Activity:
The output consists only of the lines from the one with "Elegant roze en" through the end of the records, each printed exactly, and contains no pictures.

○ ○ ○ ○ ○

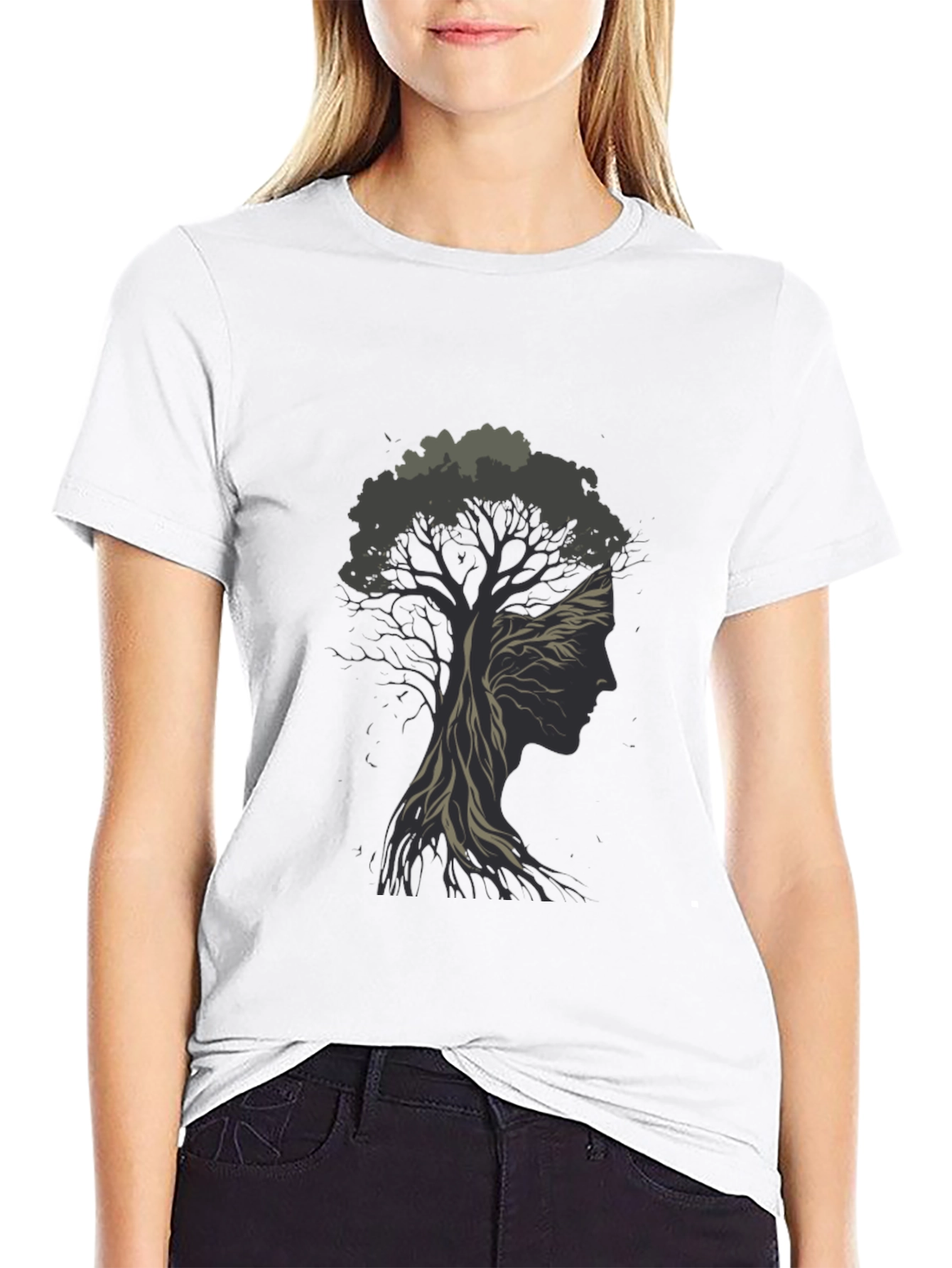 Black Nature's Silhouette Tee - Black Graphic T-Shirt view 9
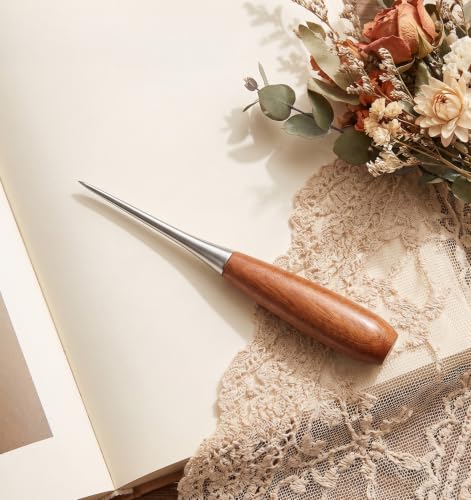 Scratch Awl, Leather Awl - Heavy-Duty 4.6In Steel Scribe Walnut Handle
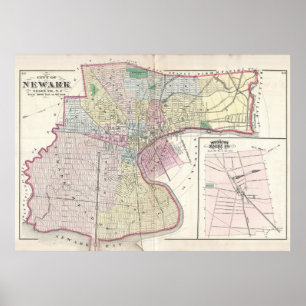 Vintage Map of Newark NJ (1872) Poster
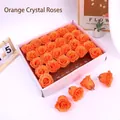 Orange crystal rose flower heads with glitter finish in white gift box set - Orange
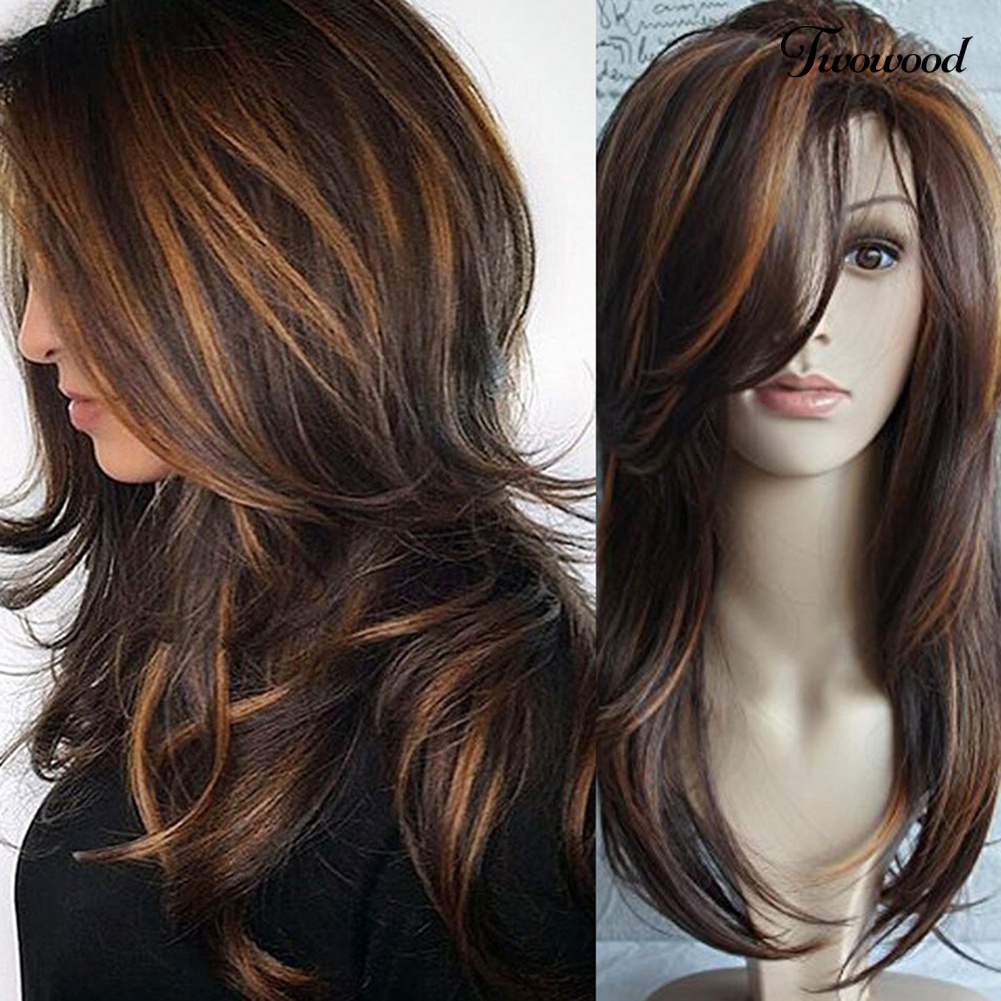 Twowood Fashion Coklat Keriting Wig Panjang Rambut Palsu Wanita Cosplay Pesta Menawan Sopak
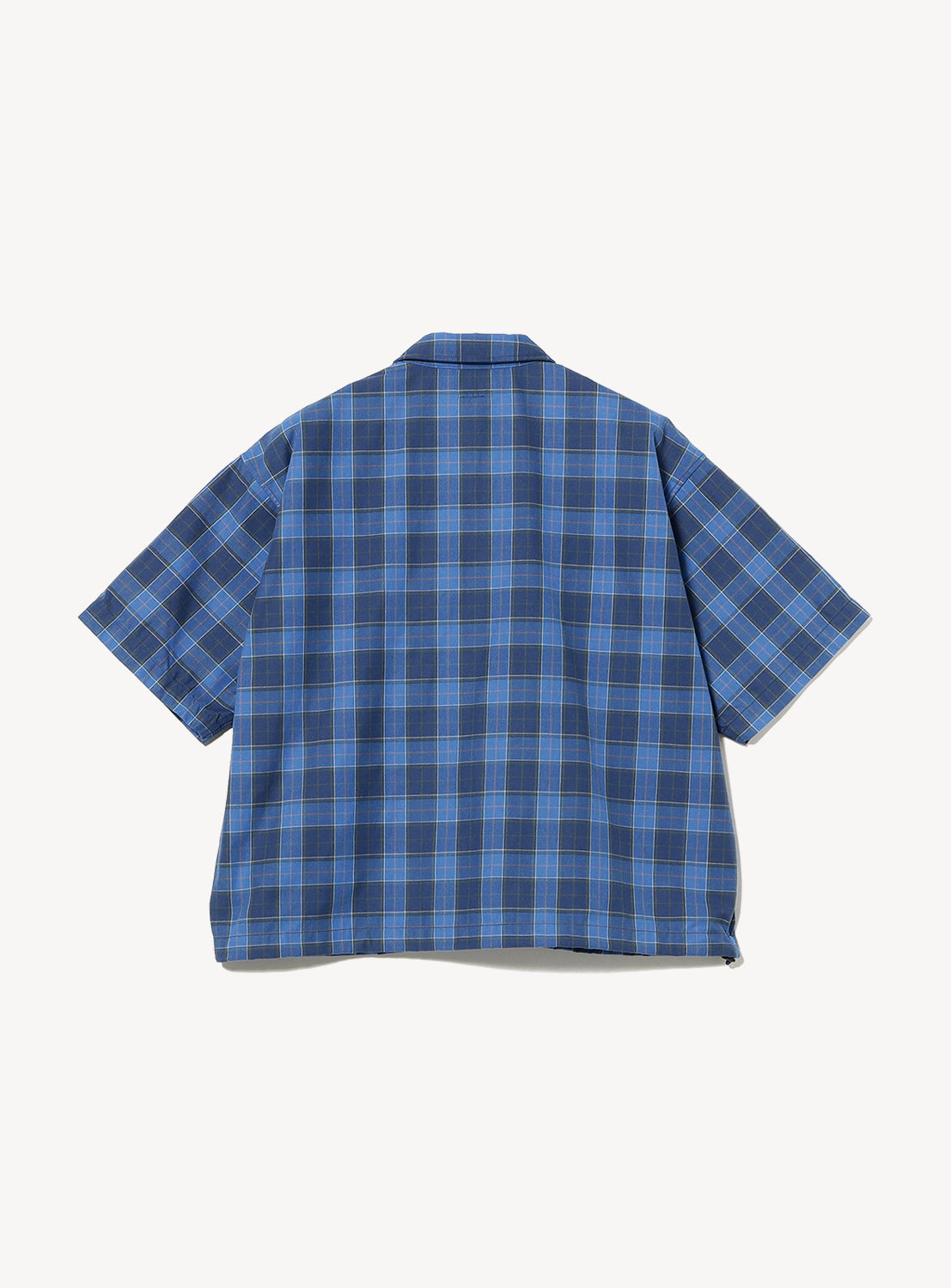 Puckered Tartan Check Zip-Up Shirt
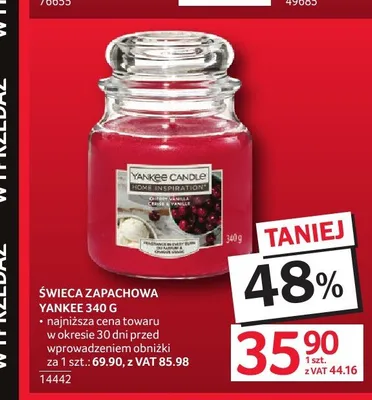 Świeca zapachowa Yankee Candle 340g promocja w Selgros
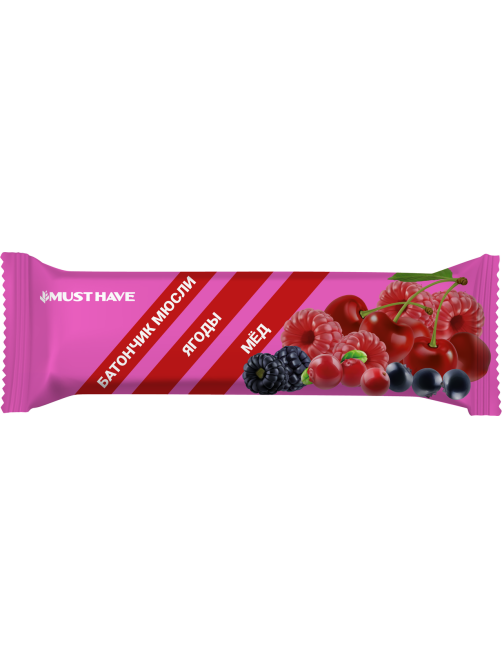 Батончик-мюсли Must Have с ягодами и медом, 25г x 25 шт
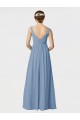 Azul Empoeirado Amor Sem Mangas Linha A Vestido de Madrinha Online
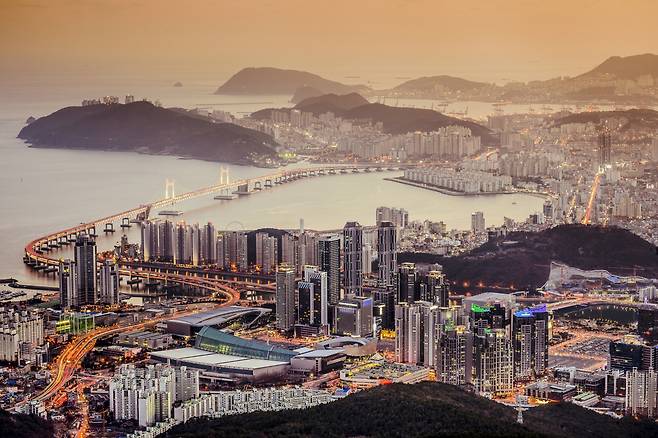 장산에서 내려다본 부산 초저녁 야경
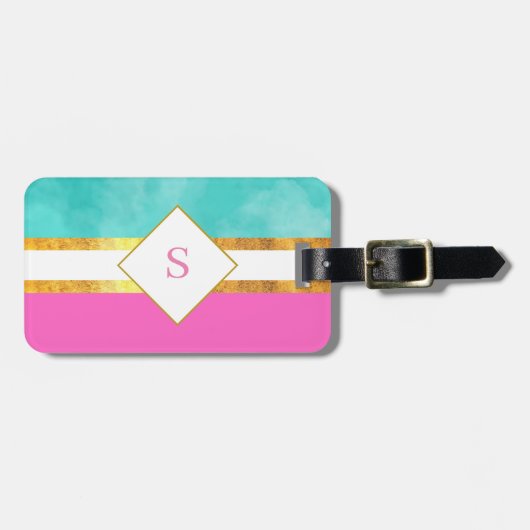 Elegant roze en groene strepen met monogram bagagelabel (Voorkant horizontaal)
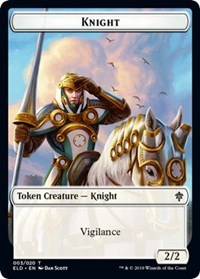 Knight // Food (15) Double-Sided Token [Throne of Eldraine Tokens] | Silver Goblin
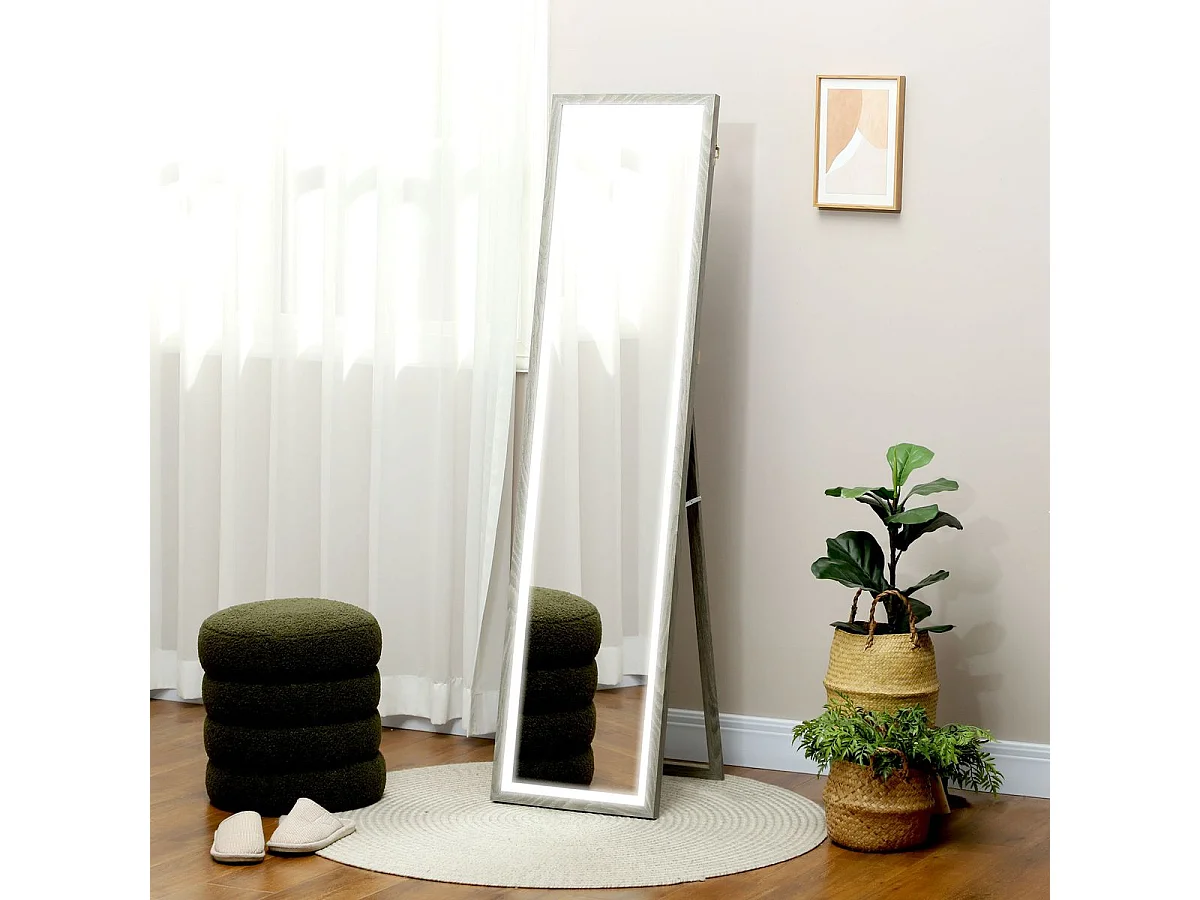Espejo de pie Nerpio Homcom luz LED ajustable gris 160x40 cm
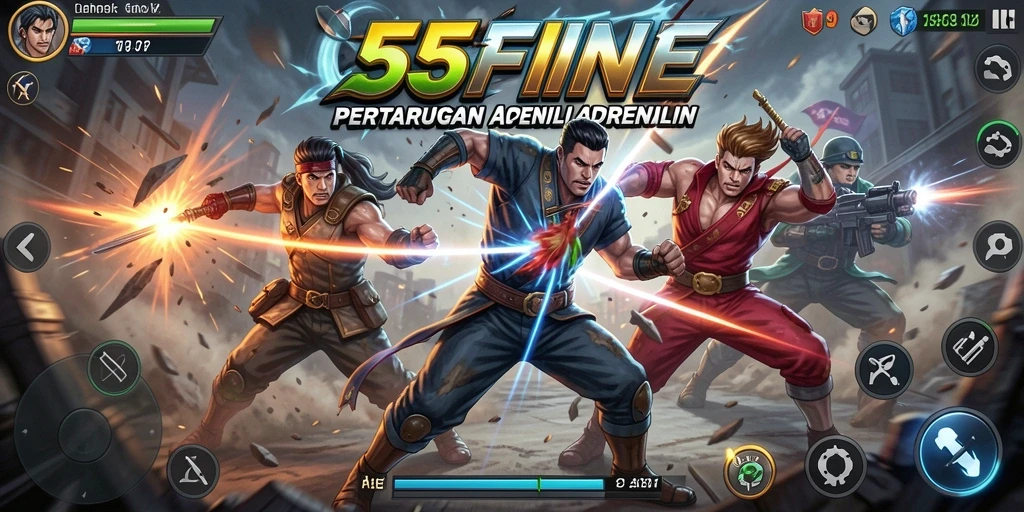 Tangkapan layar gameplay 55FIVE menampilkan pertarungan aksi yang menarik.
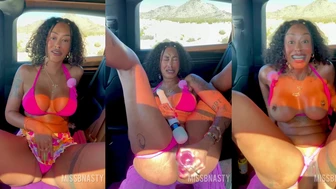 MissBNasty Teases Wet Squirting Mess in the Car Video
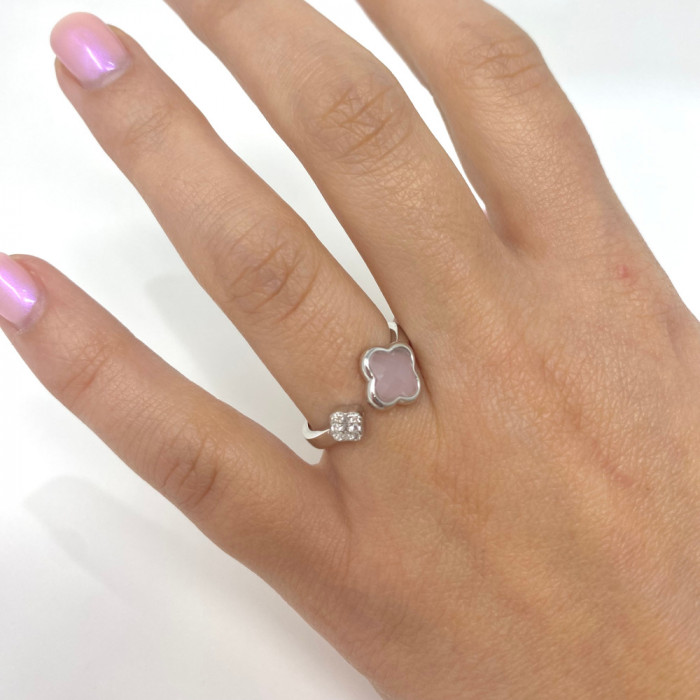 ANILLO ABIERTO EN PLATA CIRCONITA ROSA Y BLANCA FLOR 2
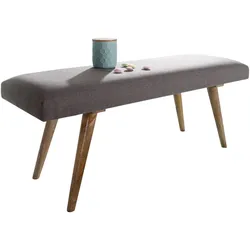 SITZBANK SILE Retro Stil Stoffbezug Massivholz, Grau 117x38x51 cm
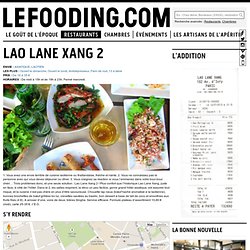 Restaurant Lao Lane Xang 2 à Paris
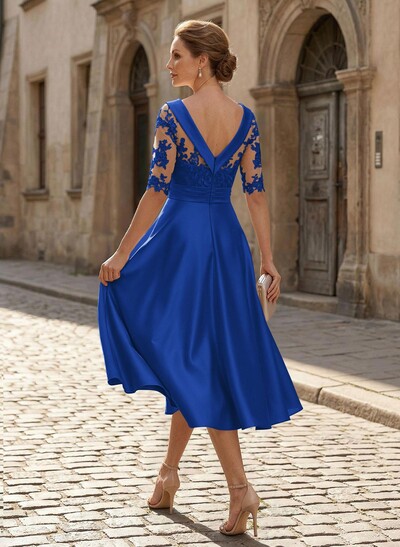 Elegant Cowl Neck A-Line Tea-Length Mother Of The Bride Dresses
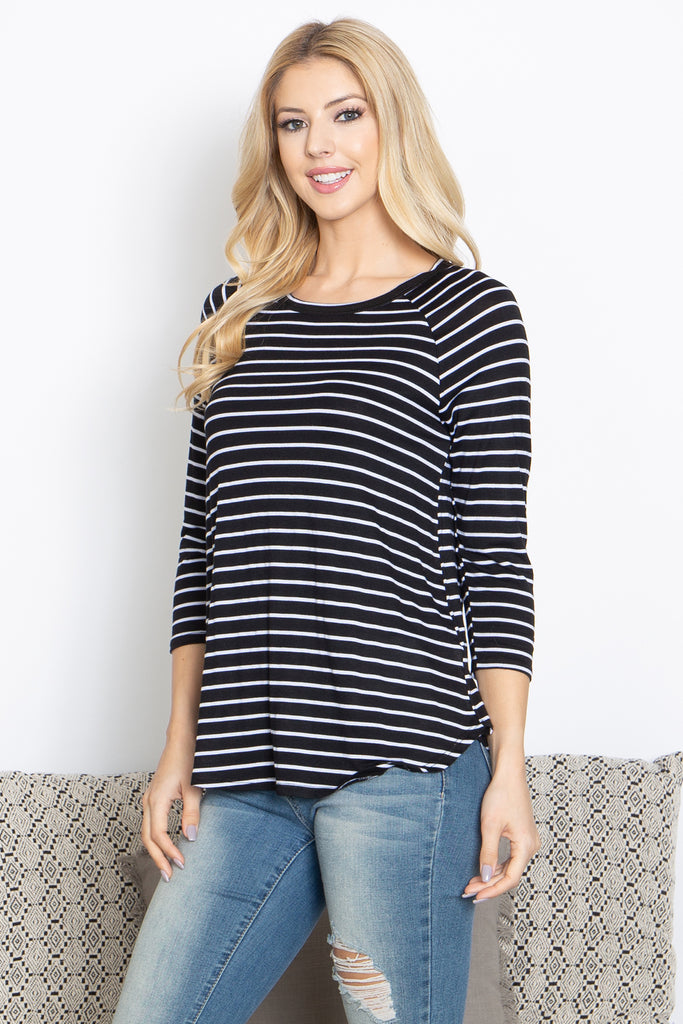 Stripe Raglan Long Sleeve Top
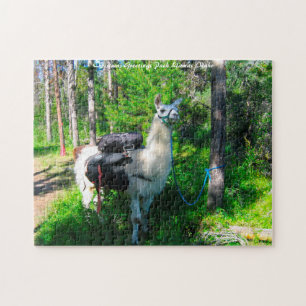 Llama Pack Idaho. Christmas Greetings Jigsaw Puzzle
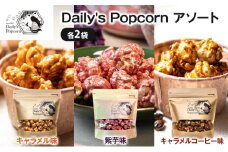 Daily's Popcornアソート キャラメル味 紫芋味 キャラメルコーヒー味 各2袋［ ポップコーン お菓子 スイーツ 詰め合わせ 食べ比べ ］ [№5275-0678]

○ ○ ○ ○ ○

Response for this exercise:
 Elegant roze en groene strepen met monogram bagagelabel (Voorkant horizontaal)
 Knight // Food (15) Double-Sided Token [Throne of Eldraine Tokens] | Silver Goblin
Espejo de pie Nerpio Homcom luz LED ajustable gris 160x40 cm
 Tangkapan layar gameplay 55FIVE menampilkan pertarungan aksi yang menarik.
 MissBNasty Teases Wet Squirting Mess in the Car Video
 ANILLO ABIERTO EN PLATA CIRCONITA ROSA Y BLANCA FLOR 2
 SITZBANK SILE Retro Stil Stoffbezug Massivholz, Grau 117x38x51 cm
 Restaurant Lao Lane Xang 2 à Paris
 Elegant Cowl Neck A-Line Tea-Length Mother Of The Bride Dresses
 Stripe Raglan Long Sleeve Top
 Llama Pack Idaho. Christmas Greetings Jigsaw Puzzle
 Daily's Popcornアソート キャラメル味 紫芋味 キャラメルコーヒー味 各2袋［ ポップコーン お菓子 スイーツ 詰め合わせ 食べ比べ ］ [№5275-0678]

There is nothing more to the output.